Our aggregate reality through the financial statements of banks also shows that, in 2017, the amount of State Treasury deposits at commercial banks amounted to 236,000 billion. At the end of 2018, in only three banks, Vietcombank, BIDV, and VietinBank, the balance of the Treasury amounted to VND 216,000 billion, besides that, a large amount of money was also deposited in private joint-stock banks such as MB. By the end of the first 9 months of 2019, the State Treasury's deposit balance at major banks continued to be stable at over VND 200,000 billion.

Assuming that the interest rate margin is about 3%, commercial banks are estimated to have about VND 6,000 billion profit from this cash flow.

But now, the money must be transferred to the State Bank and commercial banks will no longer benefit. Although Circular 58 does not require all treasury deposits to be transferred to the SBV focal point immediately (term deposits will wait until maturity), the movement of this giant cash flow will certainly affect the operation of the banks.

"In the past few years, the liquidity of the banking system has been extremely good, interbank interest rates have sometimes dropped to about 1-2% partly due to the Government's idle money in commercial banks. In addition, the continuous purchase of foreign exchange (about 30 billion USD in the last 3 years) has also caused the amount of money in the system to skyrocket. The SBV must issue bills to withdraw the excess money. Now with the application of TSA, the system liquidity will be significantly reduced "- Dr. Pham The Anh assessed one of the effects of applying Circular 58.


And the fact that recent developments in the interbank market also show that the State Treasury withdraws money at commercial banks, combined with seasonal factors, the demand for payment at the end of the year has partly affected the system liquidity. The situation was "heavier" in the week immediately following the interest rate lowering action of the State Bank on November 19. Within a week, the interbank interest rate doubled and by November 26 the SBV had to intervene by sharply lowering the lending interest rate through the open market (OMO) to pump cheap capital at 4%. / year (instead of the previous 4.5%) for banks. The agency must also net inject money into the system continuously. Until November 27, the interbank interest rate just reversed to decrease but remained at a high level compared to the past few months.
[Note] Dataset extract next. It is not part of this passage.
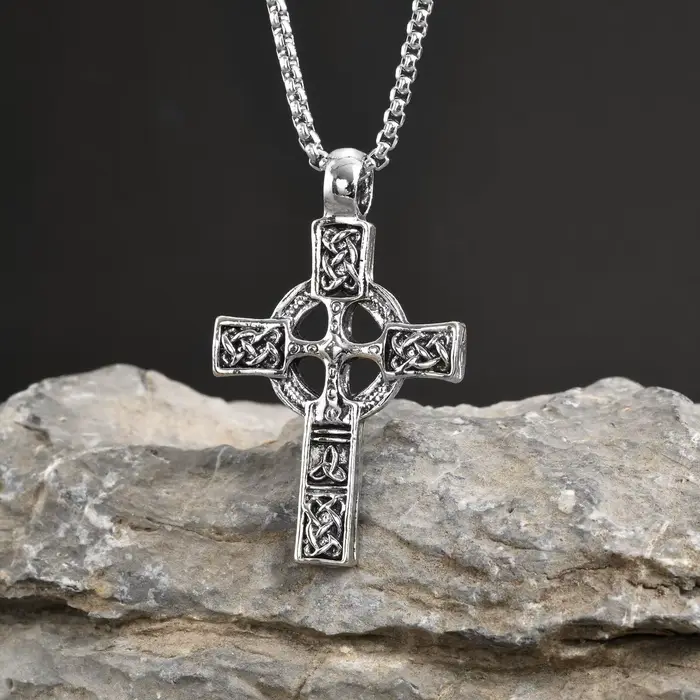 Collier croix à nœud celtique nordique pour hommes, collier pendentif en métal Viking rétro, bijoux Punk cadeaux pour lui garçons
But any policy will have two-way effects and the policy to be implemented often has more advantages than disadvantages. In addition to impacting on commercial banks in the direction of cutting off profits gained by the "treasury" of the State Treasury, Circular 58 is also assessed to have many benefits.
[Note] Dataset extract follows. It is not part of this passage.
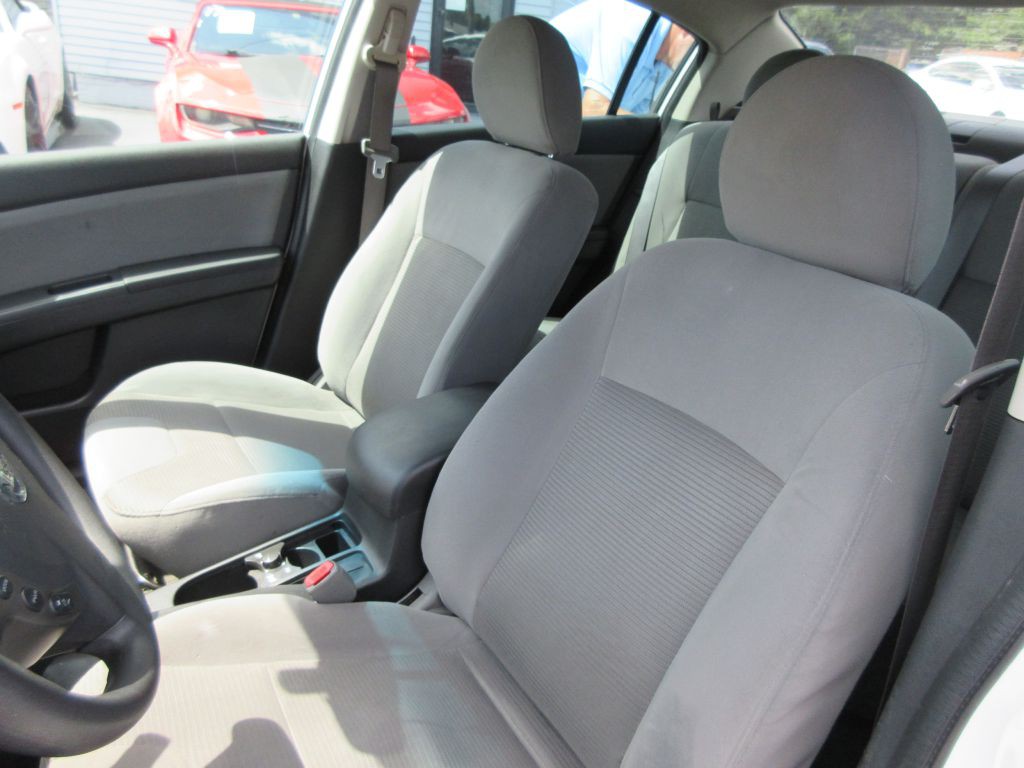 2012 Nissan Sentra Image 11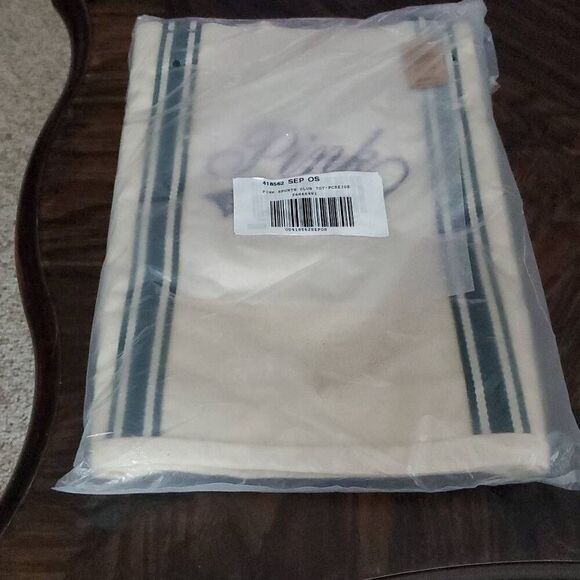 NEW WITH TAGS VICTORIA'S SECRET CANVAS TOTE - Picture 4 of 4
It not only helps the monetary policy operator to have closer cooperation from fiscal policy, to increase the initiative in capturing and balancing the amount when regulating capital in the system every day but also can be free to buy more foreign currencies.
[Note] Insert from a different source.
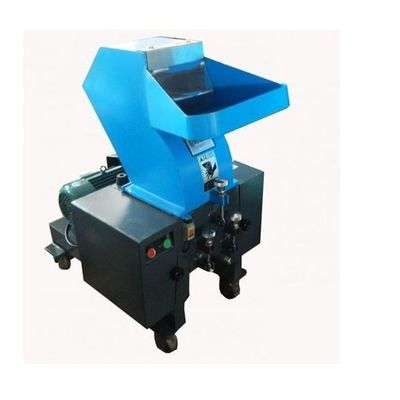 Petite machine de recyclage pour déchets plastiques 5,5 kW puissance broyeur industriel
However, according to expert Pham The Anh, there are also certain concerns. “By adopting TSA, the SBV has now become the cash flow manager and debt manager, even the last lender to the Government. This can not help worrying about the confusion between monetary policy and fiscal policy, or the concern of "monetizing" public debts when the SBV does not have the independence, does not publish the balance sheet as other central banks in the world” - he said. Therefore, for Circular 58 to be an effective tool to contribute to a more effective monetary policy, it requires the SBV to be extremely skillful in operating.